Connecting a higher voltage supply rail to bias the internal circuitry of a linear regulator allows the regulator to produce a low 0.9V output voltage that withstands a 4A transient with little change.
A similar article appeared as a Design Idea in the September 29, 2005 edition of Electronic Design magazine.
Originally, the venerable 3-terminal linear regulator featured a bipolar-junction-transistor (BJT) emitter-follower output that provided very low output impedance. Many of today's applications demand dropout voltages lower than that of the first-generation regulators (1.5V), so most modern regulators include a common-source MOSFET as the pass element.
There is, however, a compromise associated with the common-source (or common emitter) output: an intrinsically high output impedance. Feedback reduces the DC output impedance by the loop gain of the regulator, but loop gain decreases rapidly as frequency increases. This effect causes an undesirable rise in the output impedance.
Many complex systems feature multiple voltage rails. That design makes it possible to create low-dropout linear regulators with good transient response by connecting a higher voltage supply rail to bias the regulator's internal circuitry. As an example of this approach (Figure 1), the circuit uses a 5V supply for internal bias while regulating an input voltage of 1.25V down to 0.9V.
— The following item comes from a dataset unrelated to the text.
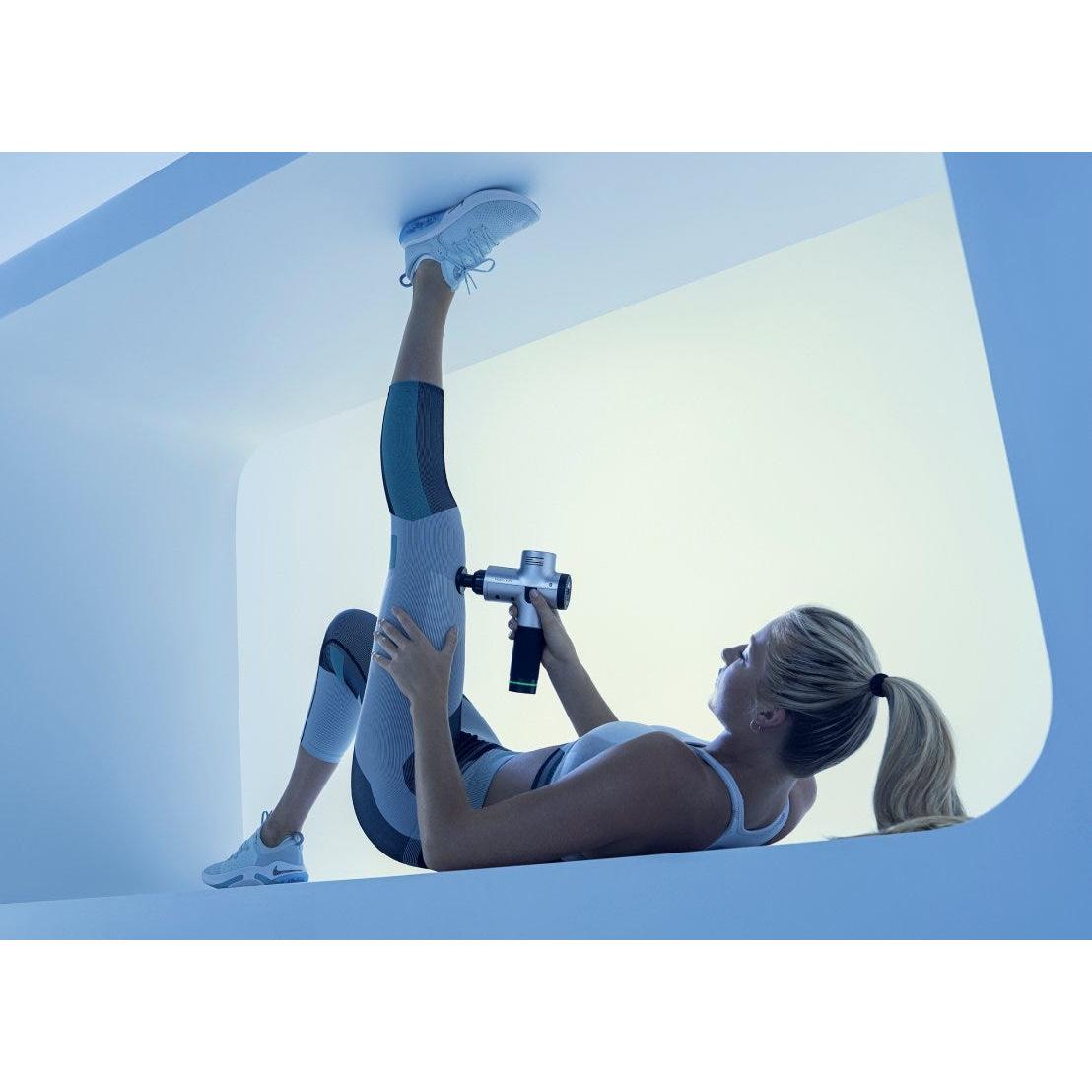 Hyperice Hypervolt Massage Gun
Resistor R1 provides a bias current, modulated by the shunt regulator U1, to drive a Darlington pair comprising Q1 and Q2. The circuit output is taken from the emitter of Q2, and fed back to the shunt regulator through the R3-R4 divider. Capacitors C1 and C5 bypass the input supplies; capacitors C2, C3, and C4 compensate the circuit for stable operation.
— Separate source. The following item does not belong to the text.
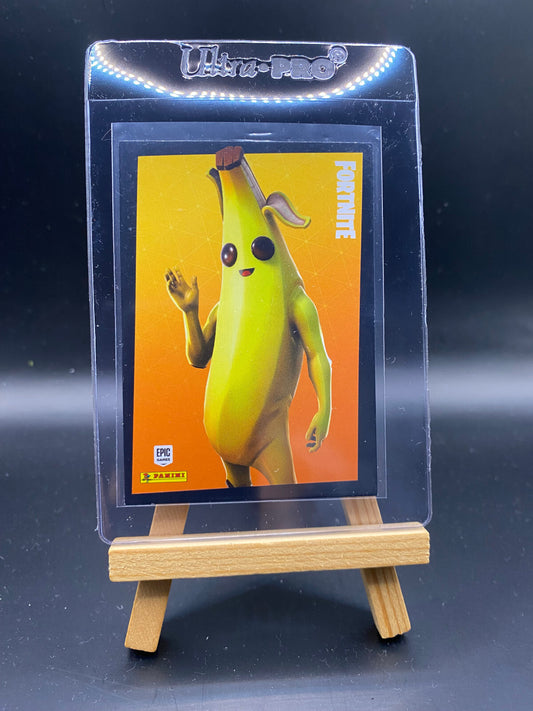 Fortnite Series 2 Reloaded Nummer 123 Peely Sammelkarte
Figure 2 illustrates circuit performance. A 0A to 4A load transient (lower trace) causes less than 5mV change in the output voltage (upper trace). To obtain this performance, you must exercise some care in component selection. The shunt regulator must have a low feedback threshold and a separate supply terminal, as shown in Figure 1. C1 and C4 must have ripple-current ratings comparable to the desired output current (MLCC ceramic chip capacitors work well). The FZT849 (by Zetex) is a good choice for transistor Q2, which should have adequate gain near saturation.